Lo stesso potrebbe essere detto su Caravaggio che, secondo il mio parere, influenzò ancor maggiormente la pittura tra il XVI e il XVII secolo, con la sua personalità turbolenta e il suo stile, probabilmente uno dei più riconoscibili quando si parla di pittura. I Cavaraggeschi si ispirarono al Merisi soprattutto nello speciale uso dell'illuminazione, tratto peculiare dello stile di Caravaggio: immagini di forte realismo, sfondi scuri squarciati da un lampo di luce che aumenta la drammaticità della scena rappresentata. Sarebbe troppo provare ad elencare tutti gli artisti che si ispirarono allo stile di Caravaggio (considerando che influenzò l'arte per moltissimo tempo, arrivando addirittura ad influenzare la fotografia) ma mi piacerebbe prendere in considerazione un suo quadro in particolare, Giuditta e Oloferne, e la versione che realizzò Artemisia Gentileschi: ovviamente, i due quadri sono molto simili, non solo per il soggetto rappresentato, ma anche per la tecnica, visto che Artemisia lavorava nella bottega d'arte di suo padre Orazio Gentileschi, anch'egli fedele allo stile di Caravaggio. È commovente vedere come la mano di Caravaggio aveva dipinto Giuditta come una fanciulla delicata che sembrava provare repulsione per il sangue di Oloferne mentre lo mantiene per i capelli e cala la lama sul suo collo. Artemisia, invece, rappresenta Giuditta con una crudezza e una violenza da farla sembrare una novella leonessa bipede (come Eschilo descrisse Clitennestra nell'Orestea) mentre con tutto il peso del suo corpo schiaccia Oloferne sul letto e gli taglia la testa, aiutata dall'altra donna. La maggiore violenza nel quadro è spiegabile conoscendo la storia della vita della Gentileschi: violentata da un altro pittore alla bottega del padre, ricevette giustizia non dalla legge ma attraverso questo quadro, che le permise di vendicarsi del suo aggressore, in una furia di sangue, di ombre e luci.
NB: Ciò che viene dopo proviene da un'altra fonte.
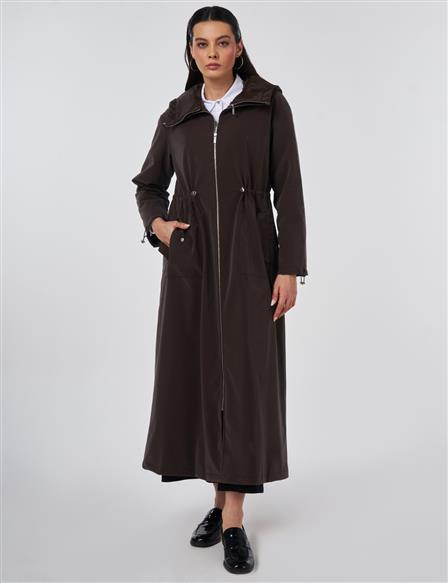 Pouch Pocket Trench Coat Dark Brown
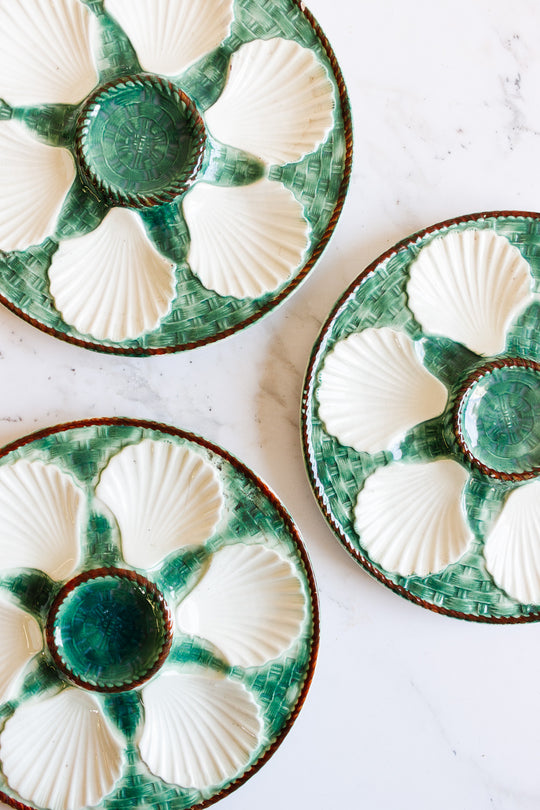 antique french longchamp green "basketweave" oyster plate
In questo caso la bottega è stato teatro di orrore, oltre che di arte, genialità e duro lavoro. Perché le botteghe d'arte pittorica non sono che microcosmi popolati da grandi artisti, giovani pittori sfruttati dal proprio maestro, da maestri capaci e altri meno capaci, di apprendisti che facevano a gara tra loro, di persone buone e di altre orribili.
Come i quadri che venivano prodotti in questi luoghi, le botteghe non sono altro che una vivida rappresentazione della realtà cittadina e di un modo di vivere l'arte molto profondo, popolata dai suoi angeli buoni ma anche dai uomini di malaffare.